> **Work required**
What is the number of lines in these entries that contain "from"? State it alone.

─── Records shown

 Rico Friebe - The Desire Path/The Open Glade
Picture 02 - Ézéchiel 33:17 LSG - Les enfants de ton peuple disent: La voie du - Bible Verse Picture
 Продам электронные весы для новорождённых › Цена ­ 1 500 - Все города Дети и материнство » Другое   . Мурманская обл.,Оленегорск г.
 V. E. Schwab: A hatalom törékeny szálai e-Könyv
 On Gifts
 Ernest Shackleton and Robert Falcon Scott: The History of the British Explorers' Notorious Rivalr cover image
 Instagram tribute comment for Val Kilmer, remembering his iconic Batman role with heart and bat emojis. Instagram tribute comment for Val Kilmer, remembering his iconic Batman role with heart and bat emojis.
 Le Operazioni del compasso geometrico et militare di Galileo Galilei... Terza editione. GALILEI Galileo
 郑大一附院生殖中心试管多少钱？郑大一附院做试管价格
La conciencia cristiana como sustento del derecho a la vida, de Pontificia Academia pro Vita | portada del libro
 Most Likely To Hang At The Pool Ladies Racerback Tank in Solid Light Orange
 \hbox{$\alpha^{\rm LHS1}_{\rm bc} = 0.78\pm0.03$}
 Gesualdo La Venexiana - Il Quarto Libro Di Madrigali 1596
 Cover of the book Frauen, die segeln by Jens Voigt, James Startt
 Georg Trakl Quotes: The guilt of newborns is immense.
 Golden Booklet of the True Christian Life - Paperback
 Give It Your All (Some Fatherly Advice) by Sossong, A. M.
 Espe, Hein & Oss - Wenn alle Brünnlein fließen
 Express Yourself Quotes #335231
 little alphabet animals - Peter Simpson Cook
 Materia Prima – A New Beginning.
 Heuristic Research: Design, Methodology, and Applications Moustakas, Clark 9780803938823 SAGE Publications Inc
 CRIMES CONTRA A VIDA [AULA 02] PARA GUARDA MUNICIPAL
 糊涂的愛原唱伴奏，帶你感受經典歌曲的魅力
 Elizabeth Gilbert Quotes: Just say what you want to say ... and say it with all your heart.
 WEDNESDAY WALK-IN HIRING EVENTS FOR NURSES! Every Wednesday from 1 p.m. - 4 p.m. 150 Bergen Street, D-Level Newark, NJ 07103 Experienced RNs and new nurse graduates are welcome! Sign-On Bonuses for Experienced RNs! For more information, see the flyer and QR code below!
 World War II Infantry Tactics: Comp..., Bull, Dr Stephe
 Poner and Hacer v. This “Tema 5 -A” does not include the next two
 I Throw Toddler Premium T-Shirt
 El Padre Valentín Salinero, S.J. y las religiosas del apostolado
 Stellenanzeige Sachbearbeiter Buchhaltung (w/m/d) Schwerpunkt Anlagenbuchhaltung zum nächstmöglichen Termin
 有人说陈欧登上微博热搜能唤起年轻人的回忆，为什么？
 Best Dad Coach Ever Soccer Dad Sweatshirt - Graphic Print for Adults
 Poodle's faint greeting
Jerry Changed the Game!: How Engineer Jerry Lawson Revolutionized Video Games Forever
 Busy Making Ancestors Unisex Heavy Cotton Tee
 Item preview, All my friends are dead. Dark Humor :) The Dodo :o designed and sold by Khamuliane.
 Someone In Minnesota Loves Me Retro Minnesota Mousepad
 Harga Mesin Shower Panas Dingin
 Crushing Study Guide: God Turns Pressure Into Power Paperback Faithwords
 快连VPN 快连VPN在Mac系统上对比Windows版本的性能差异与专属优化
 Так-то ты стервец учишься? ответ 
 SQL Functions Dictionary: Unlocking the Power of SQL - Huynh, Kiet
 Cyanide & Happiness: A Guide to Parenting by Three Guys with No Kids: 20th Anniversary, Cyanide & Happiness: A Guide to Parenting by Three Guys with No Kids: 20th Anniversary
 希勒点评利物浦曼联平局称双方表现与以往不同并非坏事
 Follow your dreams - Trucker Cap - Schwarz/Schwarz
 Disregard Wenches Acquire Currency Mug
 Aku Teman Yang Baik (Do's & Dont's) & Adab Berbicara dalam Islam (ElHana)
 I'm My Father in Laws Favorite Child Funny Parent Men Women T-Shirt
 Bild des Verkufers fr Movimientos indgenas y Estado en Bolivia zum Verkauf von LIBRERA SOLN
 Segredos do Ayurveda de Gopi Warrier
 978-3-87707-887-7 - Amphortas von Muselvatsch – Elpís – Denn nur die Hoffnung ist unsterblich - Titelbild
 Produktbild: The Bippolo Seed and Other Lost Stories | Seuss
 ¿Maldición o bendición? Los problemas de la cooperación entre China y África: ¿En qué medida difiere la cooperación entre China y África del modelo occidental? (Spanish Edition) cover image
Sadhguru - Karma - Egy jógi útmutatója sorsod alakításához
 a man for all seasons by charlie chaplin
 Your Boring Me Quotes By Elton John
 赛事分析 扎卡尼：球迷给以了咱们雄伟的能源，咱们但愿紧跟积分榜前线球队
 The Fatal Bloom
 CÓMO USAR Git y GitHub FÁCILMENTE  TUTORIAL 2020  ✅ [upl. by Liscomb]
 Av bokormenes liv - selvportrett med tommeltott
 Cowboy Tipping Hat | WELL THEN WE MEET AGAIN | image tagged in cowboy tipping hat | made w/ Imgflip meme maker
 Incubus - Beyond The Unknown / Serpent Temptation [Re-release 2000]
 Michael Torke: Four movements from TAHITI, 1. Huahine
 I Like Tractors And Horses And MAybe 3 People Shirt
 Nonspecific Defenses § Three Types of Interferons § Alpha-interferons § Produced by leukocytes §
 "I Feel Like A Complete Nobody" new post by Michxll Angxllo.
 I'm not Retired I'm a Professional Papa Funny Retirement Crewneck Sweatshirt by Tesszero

──────

> **Exercise answer**
2